There is nothing more tragic than watching a champion stumble—that is how most parents feel when their elation slumps into despair, even anger, as their child who got 85% marks cannot secure admission in any of the good colleges.
Then it dawns on some parents that the marking system has been unfair. And this, is what calls for a historical perspective.
The marking system in India was never very fair–especially after the 1970s, when the examination process began becoming more and more populist year after year.
Examiners for the SSC Board or the University Examinations were well aware that even if papers were evaluated fairly, scores were often changed by a district moderator, when going through the marks given by the various examiners that he was supposed to ‘moderate’. If he found one examiner had more students failing, he had the discretion to increase the marks of these ‘failed’ students, so that the number of failures for all examiners were ‘normalised’. Computers weren’t around, so only those who failed received grace marks.
Then suddenly the grace began to become a disgrace.
After the district moderators sent in their results, zonal moderators compared marks that each moderator had cleared. If one moderator still had more failures, his ‘list of shame’ was “propped up” with a few more grace marks. Finally, there were the state level moderators, who performed their own acts of grace. Astute educationists, even then, knew that a child with just 15% marks could be ‘graced’ all the way up to 35%.
Fast forward to today. During the past two years, engineering colleges were supposed to take in students only from the merit list of the all-India examination for high school students. To give state level examinations some ‘dignity’, so they wouldn’t be deemed redundant, courts allowed state governments to let state level examinations enjoy 30% weightage in the common entrance scores. And this, is where the race towards the dumbing down of scores began.
Till around 2010, there was a general agreement that the best reflection of a student’s academic excellence came through the scores of CBSE (Central Board of Secondary Examinations). Then came the IISC/ICSE, and then SSC. The last was conducted by the state education boards. As local politicians did not want to watch their boys and girls flunk, the largest chunk of grace marks always went to students appearing for SSC examinations.
Now, with the 30% weightage system, both CBSE and IISC/ICSE administrators realised that SSC students would benefit and secure better marks for getting into engineering colleges. So both boards decided to give marks as liberally as the SSC board. Year after year, as each board raced along the downward spiral trying to ensure that their students were not disadvantaged.
The most disadvantaged were students from states like Kerala, Andhra Pradesh and Tamil Nadu, where the average quality of schooling has always been better than in most other states. Though the quality of students from these states was better, when it came to a national moderation of scores, a 90% from these states was clubbed with a 90% from other states, where the schooling was not as effective. Thus, better students were marginalised. Jonathan Swift would have called this the rule of the Yahoos!

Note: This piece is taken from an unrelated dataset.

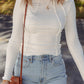 Exposed Seam Ribbed Knit Slim Fit Long Sleeve Top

Now, with credits for sports and social work, it is possible for students to score 105% or 110% marks. The eventual consequence, is that students are made to believe they are outstanding— having scored 85%—when they might actually be mediocre, if not worse. This inflated sense of achievement makes them stumble even more easily when it comes to the competitive world of jobs.
Worse still, is the decaying academic standard, which has made almost every assessing organisation–McKinseys, TCS, Nasscom and IMBM—point out that barely 15-20% of students who graduate are employable. Yes, they have the marks. But they are poorly equipped to take on corporate responsibilities because their schooling has been bad.

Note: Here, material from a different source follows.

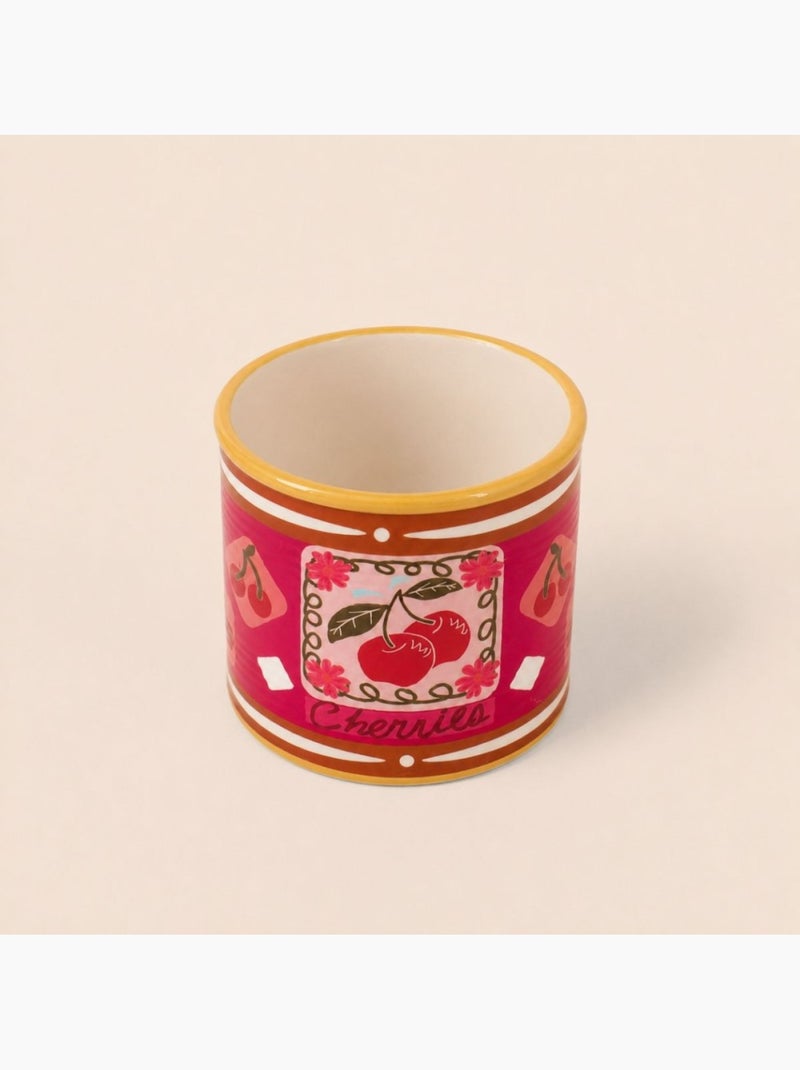 Cache-pot fruits en céramique rose liseret jaune 11x13cm Rose - Kiabi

Third, and more serious, is the progressive dumbing down of education at college levels – because students cannot cope with the standards that college students must have. As a result, universities across the world have begun to de-recognise the scores of Indian educational bodies.

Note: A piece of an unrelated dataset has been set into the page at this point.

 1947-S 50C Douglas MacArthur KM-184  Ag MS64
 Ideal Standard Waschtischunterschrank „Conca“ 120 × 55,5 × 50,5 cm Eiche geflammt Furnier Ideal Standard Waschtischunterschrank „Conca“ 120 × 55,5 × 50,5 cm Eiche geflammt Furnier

But, the most serious issue is the inevitable ‘elite-isation’ of education. The poor examination system has ensured that school teachers can afford to stay mediocre, as their inefficiencies are not captured through examination results. Consequently, good education remains the privilege of those whose parents are well read, and can teach them at home. Alternatively, the benefits go to the children of rich parents, who can afford private tutors to compensate for the inadequacies of the schooling system. Not surprisingly then, survey after survey of IITs and IIMs shows that over 80% of the students enrolled are from the upper middle class. This will only increase the working class/management divide with dire consequences for our economic future.
That is when disgrace becomes a disaster.